▸ **THE TASK**
Please copy, exactly as they appear below, the lines from the one containing "Ethernet 250W Switch" through the one containing "Fauteuil de bureau".

▸ **TASK INPUT**
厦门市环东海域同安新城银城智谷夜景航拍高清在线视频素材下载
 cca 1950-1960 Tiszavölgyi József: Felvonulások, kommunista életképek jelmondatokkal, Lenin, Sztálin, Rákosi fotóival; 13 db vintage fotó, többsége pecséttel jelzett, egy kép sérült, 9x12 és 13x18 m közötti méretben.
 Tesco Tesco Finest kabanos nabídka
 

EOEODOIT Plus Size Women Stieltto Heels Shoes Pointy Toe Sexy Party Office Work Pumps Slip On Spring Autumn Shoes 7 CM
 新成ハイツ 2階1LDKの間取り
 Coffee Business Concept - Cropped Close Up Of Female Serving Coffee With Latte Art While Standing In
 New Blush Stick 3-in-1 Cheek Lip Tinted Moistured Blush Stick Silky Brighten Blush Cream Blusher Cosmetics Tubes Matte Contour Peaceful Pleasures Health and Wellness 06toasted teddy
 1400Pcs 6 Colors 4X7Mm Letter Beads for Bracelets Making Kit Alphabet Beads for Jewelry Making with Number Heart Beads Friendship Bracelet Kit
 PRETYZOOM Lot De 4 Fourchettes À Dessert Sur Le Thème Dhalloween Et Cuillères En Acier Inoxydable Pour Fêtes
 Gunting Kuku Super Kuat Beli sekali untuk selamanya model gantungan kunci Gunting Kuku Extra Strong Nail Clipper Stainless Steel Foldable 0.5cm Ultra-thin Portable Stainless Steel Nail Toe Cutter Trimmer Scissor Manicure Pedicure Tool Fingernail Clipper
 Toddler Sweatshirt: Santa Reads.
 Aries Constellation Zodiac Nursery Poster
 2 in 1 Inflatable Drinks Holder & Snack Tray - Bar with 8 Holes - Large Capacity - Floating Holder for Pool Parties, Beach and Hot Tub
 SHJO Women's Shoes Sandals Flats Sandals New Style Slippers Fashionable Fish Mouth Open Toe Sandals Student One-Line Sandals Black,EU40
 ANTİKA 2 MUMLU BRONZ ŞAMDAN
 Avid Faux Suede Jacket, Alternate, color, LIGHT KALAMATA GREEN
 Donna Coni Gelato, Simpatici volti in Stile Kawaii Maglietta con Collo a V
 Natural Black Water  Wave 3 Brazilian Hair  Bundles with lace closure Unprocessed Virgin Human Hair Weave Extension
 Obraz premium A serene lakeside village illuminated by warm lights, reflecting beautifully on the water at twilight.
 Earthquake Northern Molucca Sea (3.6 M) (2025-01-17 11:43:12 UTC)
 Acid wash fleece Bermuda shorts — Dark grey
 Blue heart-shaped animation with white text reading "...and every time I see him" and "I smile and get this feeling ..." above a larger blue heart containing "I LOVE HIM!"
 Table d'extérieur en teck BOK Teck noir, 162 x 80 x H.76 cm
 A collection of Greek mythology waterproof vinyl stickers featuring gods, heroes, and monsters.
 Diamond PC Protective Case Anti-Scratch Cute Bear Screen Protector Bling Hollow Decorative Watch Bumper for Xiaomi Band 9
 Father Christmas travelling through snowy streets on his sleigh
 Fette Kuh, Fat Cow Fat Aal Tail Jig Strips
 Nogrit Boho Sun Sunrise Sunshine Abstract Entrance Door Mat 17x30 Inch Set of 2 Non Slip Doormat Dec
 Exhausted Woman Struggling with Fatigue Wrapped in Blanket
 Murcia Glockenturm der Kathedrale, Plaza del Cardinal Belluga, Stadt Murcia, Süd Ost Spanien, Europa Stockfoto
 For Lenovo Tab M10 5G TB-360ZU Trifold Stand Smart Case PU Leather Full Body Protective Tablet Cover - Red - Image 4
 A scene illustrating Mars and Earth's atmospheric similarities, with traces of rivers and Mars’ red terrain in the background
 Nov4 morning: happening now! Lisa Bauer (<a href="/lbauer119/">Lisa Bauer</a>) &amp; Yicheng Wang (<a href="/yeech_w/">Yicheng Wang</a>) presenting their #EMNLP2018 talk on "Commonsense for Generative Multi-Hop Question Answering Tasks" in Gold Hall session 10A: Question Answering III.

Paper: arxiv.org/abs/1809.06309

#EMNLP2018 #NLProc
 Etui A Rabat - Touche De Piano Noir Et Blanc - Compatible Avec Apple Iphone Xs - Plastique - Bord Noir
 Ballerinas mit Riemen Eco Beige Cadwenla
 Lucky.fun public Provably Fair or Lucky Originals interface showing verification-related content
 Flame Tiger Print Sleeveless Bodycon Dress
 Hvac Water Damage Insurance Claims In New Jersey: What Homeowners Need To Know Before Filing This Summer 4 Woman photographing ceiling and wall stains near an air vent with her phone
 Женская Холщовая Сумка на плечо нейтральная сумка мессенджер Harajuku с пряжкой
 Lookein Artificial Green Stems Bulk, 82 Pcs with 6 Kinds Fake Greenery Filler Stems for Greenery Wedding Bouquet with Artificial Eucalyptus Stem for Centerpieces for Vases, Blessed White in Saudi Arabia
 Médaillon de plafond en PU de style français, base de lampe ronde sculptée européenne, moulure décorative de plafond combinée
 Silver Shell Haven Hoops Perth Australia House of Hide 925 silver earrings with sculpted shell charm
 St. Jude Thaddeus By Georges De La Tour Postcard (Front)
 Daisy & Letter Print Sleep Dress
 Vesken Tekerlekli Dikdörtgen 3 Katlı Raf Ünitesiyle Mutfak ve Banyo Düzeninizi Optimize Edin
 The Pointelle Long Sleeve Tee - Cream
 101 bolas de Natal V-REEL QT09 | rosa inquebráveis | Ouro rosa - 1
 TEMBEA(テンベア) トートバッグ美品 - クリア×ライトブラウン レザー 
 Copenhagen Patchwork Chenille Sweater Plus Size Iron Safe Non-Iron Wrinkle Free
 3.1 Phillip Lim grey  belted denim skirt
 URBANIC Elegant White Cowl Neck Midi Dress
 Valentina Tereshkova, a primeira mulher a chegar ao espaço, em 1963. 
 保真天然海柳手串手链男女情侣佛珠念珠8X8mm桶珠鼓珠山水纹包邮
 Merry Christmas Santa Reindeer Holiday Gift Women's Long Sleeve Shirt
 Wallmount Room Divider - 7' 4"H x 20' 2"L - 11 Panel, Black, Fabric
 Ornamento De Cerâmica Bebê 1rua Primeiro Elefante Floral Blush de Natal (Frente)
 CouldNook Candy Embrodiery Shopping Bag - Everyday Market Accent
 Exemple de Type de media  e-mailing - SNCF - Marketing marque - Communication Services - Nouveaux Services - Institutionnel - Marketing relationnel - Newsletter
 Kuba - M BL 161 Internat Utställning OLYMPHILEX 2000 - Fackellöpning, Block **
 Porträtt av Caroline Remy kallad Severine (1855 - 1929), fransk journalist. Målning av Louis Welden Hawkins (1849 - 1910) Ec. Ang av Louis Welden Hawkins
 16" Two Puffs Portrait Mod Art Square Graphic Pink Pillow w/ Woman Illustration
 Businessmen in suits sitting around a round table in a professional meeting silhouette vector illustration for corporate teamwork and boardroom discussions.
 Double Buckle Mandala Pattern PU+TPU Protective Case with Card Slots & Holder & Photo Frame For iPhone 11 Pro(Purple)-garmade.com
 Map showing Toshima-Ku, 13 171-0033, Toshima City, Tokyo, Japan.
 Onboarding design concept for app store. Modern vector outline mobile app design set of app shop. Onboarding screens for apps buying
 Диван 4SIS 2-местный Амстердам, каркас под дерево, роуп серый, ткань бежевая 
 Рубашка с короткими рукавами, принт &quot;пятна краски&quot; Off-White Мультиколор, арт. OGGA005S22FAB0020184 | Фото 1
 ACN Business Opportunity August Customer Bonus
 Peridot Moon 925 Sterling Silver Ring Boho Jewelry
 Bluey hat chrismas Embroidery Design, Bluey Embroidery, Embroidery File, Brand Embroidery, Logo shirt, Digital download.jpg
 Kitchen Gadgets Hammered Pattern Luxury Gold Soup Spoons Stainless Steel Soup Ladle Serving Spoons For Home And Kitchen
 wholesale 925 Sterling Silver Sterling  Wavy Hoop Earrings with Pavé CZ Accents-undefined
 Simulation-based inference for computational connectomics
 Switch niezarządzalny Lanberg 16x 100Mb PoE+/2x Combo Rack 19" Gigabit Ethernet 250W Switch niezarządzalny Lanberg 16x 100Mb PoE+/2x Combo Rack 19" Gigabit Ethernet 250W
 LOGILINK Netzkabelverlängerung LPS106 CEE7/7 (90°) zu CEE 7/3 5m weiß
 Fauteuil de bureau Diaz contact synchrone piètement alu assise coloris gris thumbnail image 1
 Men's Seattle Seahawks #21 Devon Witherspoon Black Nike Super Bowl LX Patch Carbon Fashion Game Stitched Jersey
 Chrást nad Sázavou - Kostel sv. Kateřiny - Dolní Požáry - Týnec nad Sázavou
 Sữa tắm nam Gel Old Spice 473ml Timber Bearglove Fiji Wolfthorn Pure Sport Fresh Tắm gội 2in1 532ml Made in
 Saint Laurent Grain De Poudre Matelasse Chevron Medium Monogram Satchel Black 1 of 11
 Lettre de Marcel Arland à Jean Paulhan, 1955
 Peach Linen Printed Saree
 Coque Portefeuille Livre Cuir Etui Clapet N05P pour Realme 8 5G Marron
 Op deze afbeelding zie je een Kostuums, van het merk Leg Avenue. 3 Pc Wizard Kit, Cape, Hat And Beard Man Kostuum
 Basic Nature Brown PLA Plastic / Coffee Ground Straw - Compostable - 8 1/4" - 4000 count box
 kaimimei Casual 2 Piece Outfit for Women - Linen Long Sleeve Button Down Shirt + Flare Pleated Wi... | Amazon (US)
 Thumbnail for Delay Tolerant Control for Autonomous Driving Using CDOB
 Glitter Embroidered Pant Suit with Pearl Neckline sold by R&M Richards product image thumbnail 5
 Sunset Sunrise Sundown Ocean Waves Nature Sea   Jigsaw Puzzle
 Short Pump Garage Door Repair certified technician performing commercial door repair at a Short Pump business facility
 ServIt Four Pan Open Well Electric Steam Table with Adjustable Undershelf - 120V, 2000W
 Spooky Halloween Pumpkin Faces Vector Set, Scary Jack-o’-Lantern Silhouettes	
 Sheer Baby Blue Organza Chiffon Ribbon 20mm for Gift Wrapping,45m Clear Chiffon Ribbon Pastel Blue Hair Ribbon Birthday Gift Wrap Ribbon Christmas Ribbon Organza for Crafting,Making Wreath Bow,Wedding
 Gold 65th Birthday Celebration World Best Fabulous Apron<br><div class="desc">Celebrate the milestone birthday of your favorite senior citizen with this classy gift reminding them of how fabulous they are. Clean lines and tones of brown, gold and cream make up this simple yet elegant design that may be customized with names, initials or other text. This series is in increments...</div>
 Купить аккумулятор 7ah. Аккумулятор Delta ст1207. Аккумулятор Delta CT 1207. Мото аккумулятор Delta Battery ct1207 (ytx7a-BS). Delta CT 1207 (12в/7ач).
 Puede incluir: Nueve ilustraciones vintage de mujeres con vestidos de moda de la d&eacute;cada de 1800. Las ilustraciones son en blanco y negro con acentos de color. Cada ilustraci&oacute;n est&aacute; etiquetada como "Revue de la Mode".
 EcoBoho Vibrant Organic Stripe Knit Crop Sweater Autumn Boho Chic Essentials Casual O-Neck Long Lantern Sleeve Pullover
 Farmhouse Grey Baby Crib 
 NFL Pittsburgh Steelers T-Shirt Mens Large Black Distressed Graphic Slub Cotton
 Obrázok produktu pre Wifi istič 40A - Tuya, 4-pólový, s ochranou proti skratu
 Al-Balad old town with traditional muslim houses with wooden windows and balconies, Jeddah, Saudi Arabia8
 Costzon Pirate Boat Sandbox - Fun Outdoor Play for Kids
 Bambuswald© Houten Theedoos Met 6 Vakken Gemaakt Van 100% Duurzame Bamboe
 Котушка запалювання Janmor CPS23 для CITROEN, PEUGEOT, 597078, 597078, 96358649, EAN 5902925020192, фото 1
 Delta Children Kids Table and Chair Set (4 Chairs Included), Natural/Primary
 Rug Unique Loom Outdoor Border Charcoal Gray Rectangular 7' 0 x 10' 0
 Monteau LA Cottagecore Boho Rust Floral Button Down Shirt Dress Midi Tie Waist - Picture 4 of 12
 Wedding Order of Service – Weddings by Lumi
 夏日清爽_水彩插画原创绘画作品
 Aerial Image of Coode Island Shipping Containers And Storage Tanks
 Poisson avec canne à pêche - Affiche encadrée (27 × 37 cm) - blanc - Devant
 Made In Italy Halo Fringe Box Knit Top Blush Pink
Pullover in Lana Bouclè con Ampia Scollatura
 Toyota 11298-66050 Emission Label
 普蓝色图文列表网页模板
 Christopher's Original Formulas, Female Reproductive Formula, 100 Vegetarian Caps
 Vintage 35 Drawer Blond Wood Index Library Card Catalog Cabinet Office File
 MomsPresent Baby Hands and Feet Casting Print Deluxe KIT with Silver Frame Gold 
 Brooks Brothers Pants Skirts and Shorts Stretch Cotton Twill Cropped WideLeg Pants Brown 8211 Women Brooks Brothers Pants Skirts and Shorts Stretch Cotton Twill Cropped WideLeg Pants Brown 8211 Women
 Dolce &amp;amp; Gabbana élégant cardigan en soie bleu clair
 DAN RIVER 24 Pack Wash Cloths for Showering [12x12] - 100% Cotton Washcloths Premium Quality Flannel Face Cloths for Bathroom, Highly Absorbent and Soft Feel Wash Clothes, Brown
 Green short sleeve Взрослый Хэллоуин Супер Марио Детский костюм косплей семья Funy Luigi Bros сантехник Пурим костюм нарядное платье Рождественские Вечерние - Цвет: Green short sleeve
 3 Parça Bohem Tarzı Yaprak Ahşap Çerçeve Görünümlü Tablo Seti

▸ **RESPONSE TO THIS TASK**
 Switch niezarządzalny Lanberg 16x 100Mb PoE+/2x Combo Rack 19" Gigabit Ethernet 250W Switch niezarządzalny Lanberg 16x 100Mb PoE+/2x Combo Rack 19" Gigabit Ethernet 250W
 LOGILINK Netzkabelverlängerung LPS106 CEE7/7 (90°) zu CEE 7/3 5m weiß
 Fauteuil de bureau Diaz contact synchrone piètement alu assise coloris gris thumbnail image 1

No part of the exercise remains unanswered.